• Exercise objective:
Although the material holds pictures, none belong in the copy; transcribe exactly, and only, the lines from the one with "map of Diakène Ouolof" through the end.

• Supplied information:
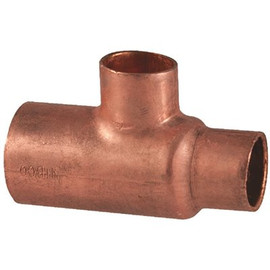 NIBCO 3/4 in. x 1/2 in. x 1/2 in. Copper Pressure Cup x Cup x Cup Reducing Tee Fitting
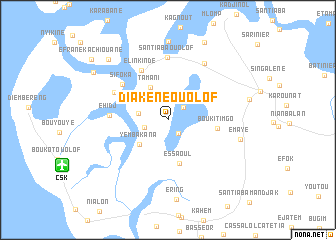 map of Diakène Ouolof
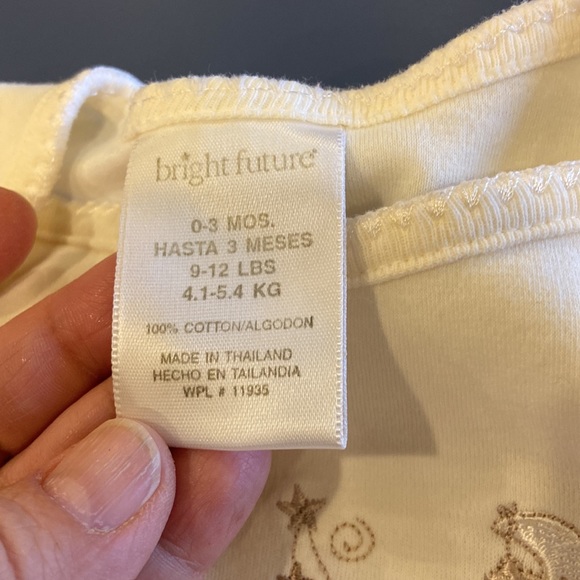 Infant Bright Future Cream 0-3 Months Gown - Picture 5 of 7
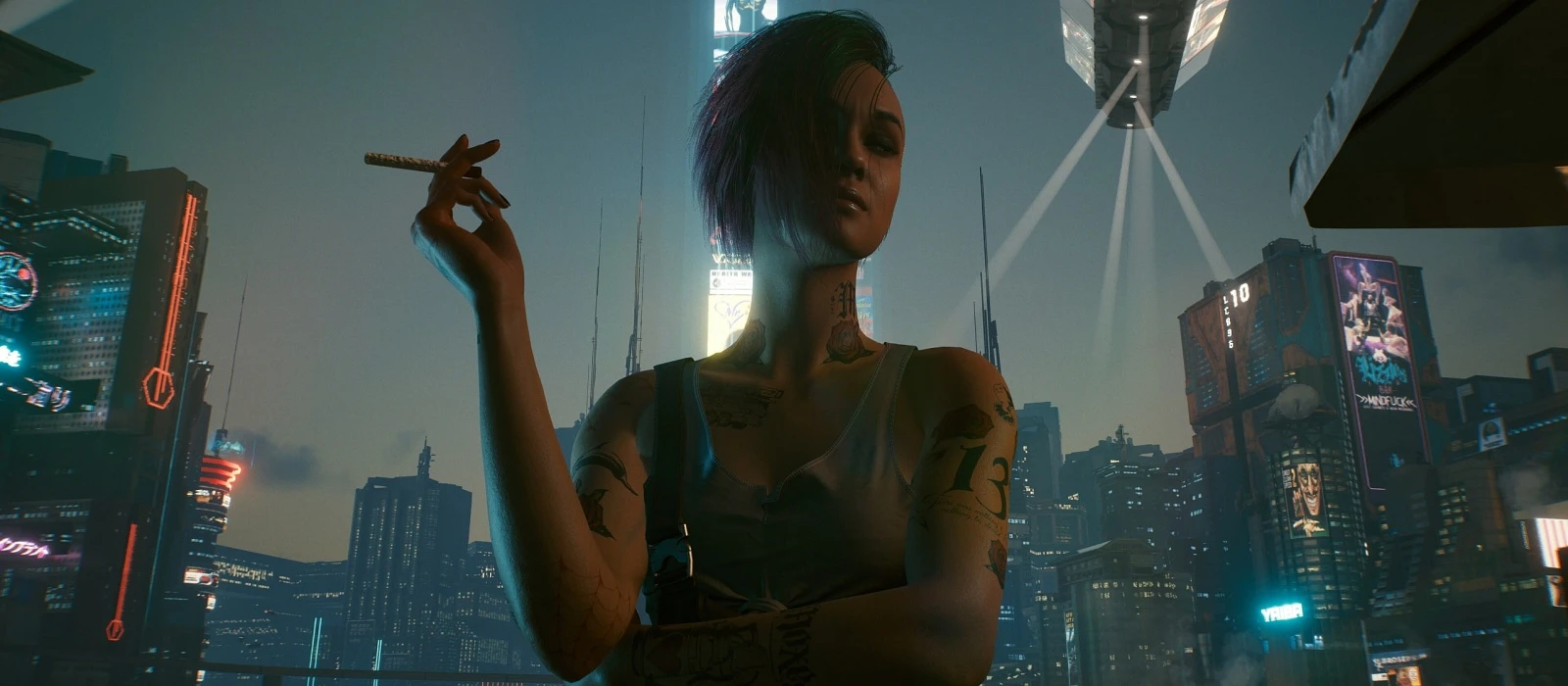 Косплей на Джуди Альварес из Cyberpunk 2077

• Exercise solution:
 map of Diakène Ouolof
 Infant Bright Future Cream 0-3 Months Gown - Picture 5 of 7
 Косплей на Джуди Альварес из Cyberpunk 2077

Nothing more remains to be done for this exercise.